#### Exercise requirements:
In the records below, the relevant part opens with the line containing "Sesame Street Oscar" and closes with the line containing "Ok Aksesuar Sari"; print that part exactly and only, without its pictures.

----- The data

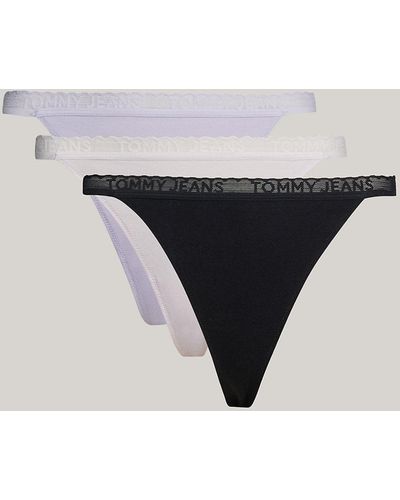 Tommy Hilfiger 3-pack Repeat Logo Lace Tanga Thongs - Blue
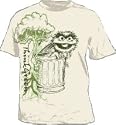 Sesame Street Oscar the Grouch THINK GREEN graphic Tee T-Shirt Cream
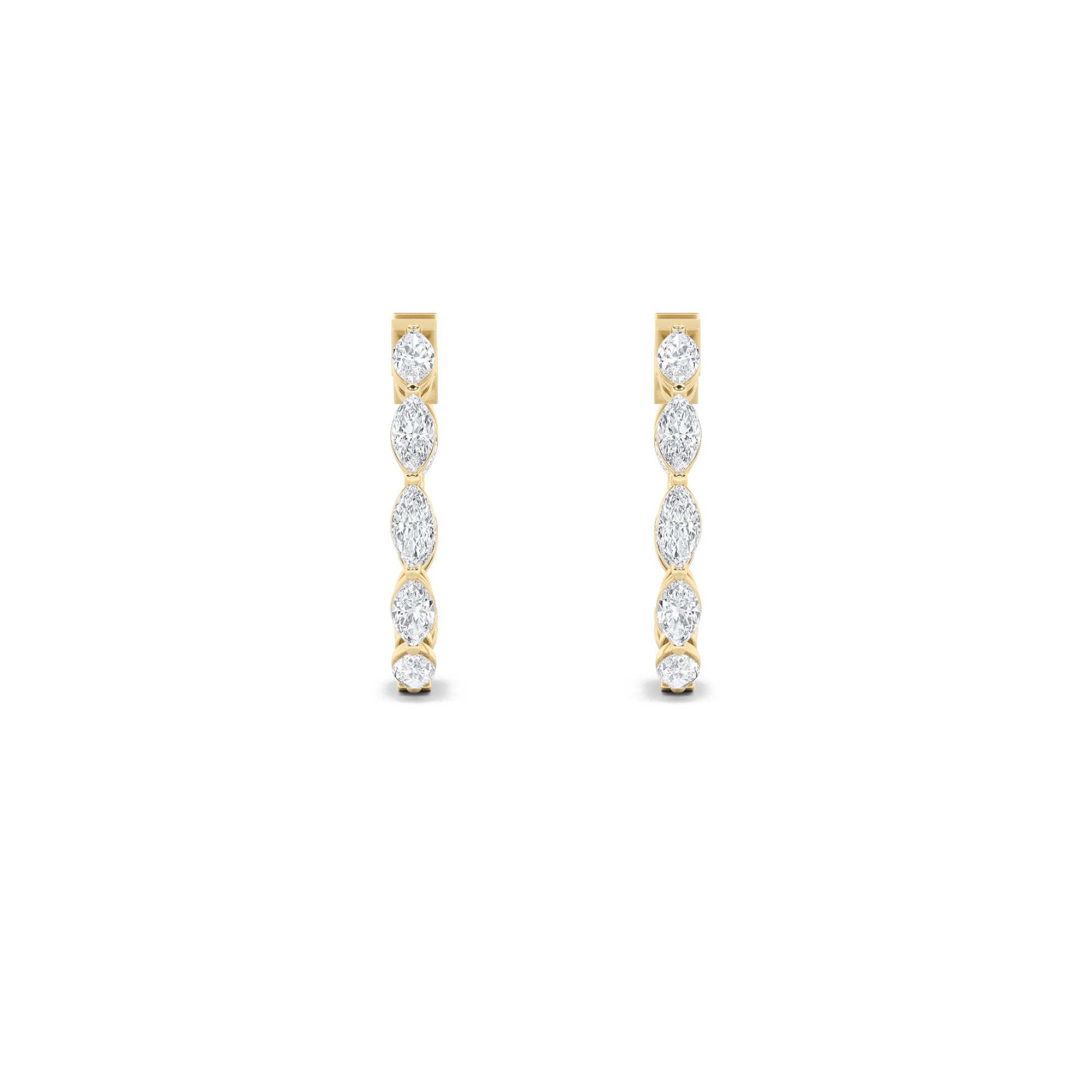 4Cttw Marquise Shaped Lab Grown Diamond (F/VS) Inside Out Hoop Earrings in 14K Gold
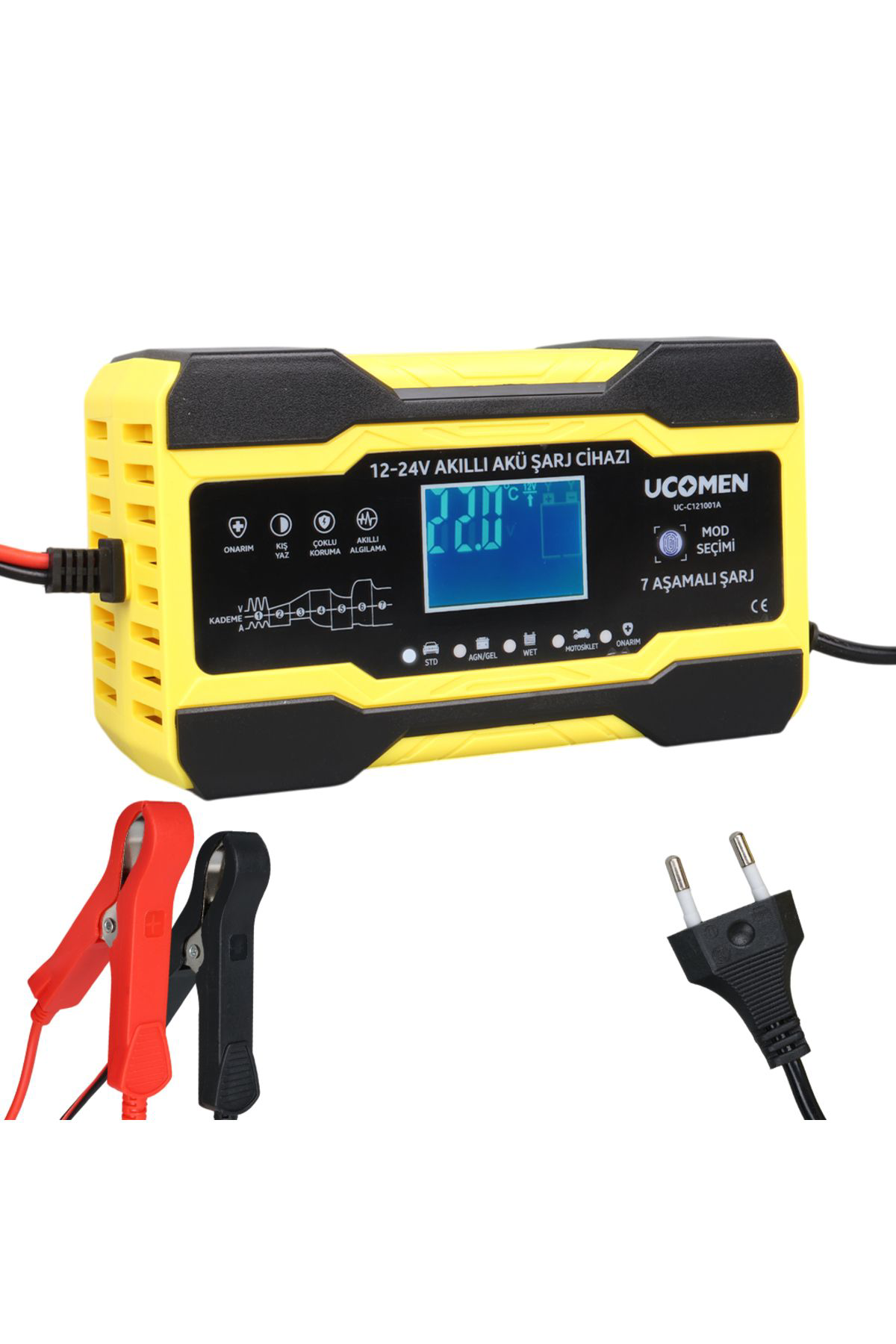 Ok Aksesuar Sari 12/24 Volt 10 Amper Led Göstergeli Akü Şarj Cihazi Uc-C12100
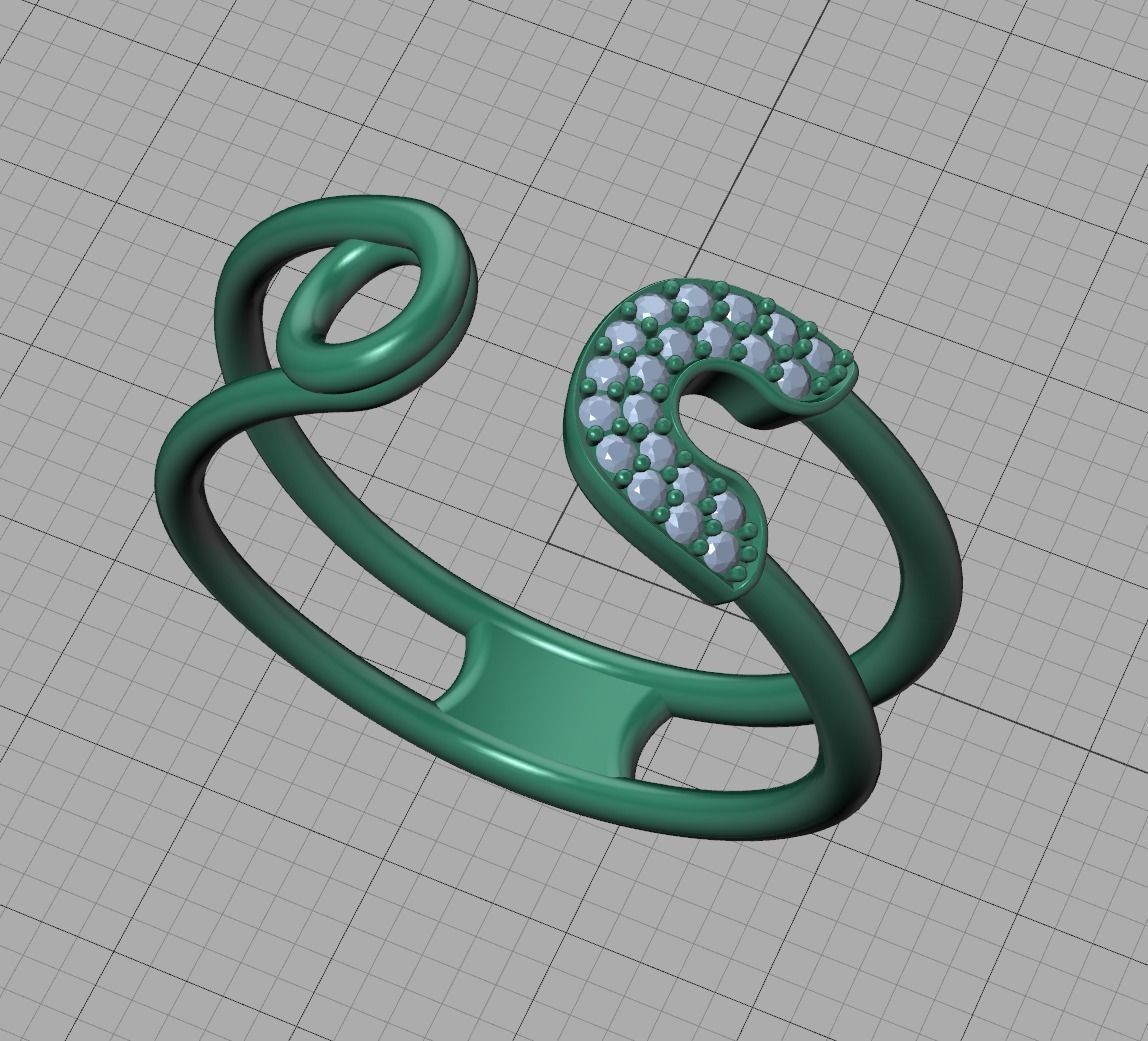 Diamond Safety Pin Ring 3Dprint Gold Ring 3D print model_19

----------
----- The data

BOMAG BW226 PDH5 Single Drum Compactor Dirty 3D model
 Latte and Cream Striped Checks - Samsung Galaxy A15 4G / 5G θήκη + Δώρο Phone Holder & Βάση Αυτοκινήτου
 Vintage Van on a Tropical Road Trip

----------

#### Final answer:
 Sesame Street Oscar the Grouch THINK GREEN graphic Tee T-Shirt Cream
 4Cttw Marquise Shaped Lab Grown Diamond (F/VS) Inside Out Hoop Earrings in 14K Gold
 Ok Aksesuar Sari 12/24 Volt 10 Amper Led Göstergeli Akü Şarj Cihazi Uc-C12100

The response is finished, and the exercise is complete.